This is ALL THINGS CONSIDERED from NPR News. I'm Debbie Elliott.

"The Host," a new film from South Korea, features a hungry mutant amphibian and a quirky family. Its opening in the U.S. this weekend has been eagerly awaited by science fiction fans like Rick Kleffel. He thinks "The Host" could redefine an old genre.

RICK KLEFFEL: It turns out all this time they've been making monster movies backwards.

(Soundbite of movie, "The Host")

KLEFFEL: When we go to the theater to see a creature feature, we're going to see the monster. Yet most of these films don't offer us more than a glimpse of one until well into the show, and even by the end, we're lucky to see more than a moment of special effects. The average monster movie spends most of its time introducing us to characters we hope will die sooner rather than later. Just so we can get a glimpse of what we paid to see.

Suspense is all well and good, and movies like "Jaws" and "Alien" use it effectively, but it only go so far. Scary noises and monster vision camera angles that don't show what you're supposed to be scared of can serve to dilute fear rather than build it. We want the pay-off.

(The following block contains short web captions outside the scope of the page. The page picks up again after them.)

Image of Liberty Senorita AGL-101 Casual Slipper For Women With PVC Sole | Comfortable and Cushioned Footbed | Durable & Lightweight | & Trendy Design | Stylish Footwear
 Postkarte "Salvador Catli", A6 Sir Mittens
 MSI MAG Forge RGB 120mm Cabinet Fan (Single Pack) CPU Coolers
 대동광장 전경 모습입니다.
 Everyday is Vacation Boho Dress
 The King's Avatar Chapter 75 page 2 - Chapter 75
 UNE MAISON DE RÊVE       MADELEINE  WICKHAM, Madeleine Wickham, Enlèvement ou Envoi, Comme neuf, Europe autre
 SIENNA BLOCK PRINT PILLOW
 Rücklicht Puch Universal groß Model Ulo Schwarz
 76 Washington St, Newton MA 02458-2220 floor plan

"The Host" by Korean director Bong Joon-ho, inverts this formula with amazing success. An American scientist orders his Korean subordinate to dump toxic chemicals down a drain that will flush them into the local environment. Then, six years later, and just 12 minutes into the movie, we're in bright daylight in an open field at the edge of the Han River.

(Soundbite of movie, "The Host")

Park Gang-Du, a dozy noodle seller, joins a crowd staring at something big hanging from the bridge. Is it construction equipment? No. It's a 40-foot mutant salamander that drops into the water and clumsily climbs up on the shore and emerges to snap up any panicked passerby it can grab. We see this happening not just from the ground, but from the perspective of riders on an elevated train with a startling surreal clarity. A huge monster is on the loose.

(Soundbite of movie, "The Host")

KLEFFEL: In the expertly choreographed confusion that follows, the monster grabs Gang-Du's daughter, Hyun-Seo, and finds itself pitted against the entire Park family - Gang-Du, his sister, a champion archer; his brother, an unemployed college grad slacker; and Hyun-Seo's crabby grandfather. They're rounded up because American doctors warned that the monster may be the host to a deadly virus.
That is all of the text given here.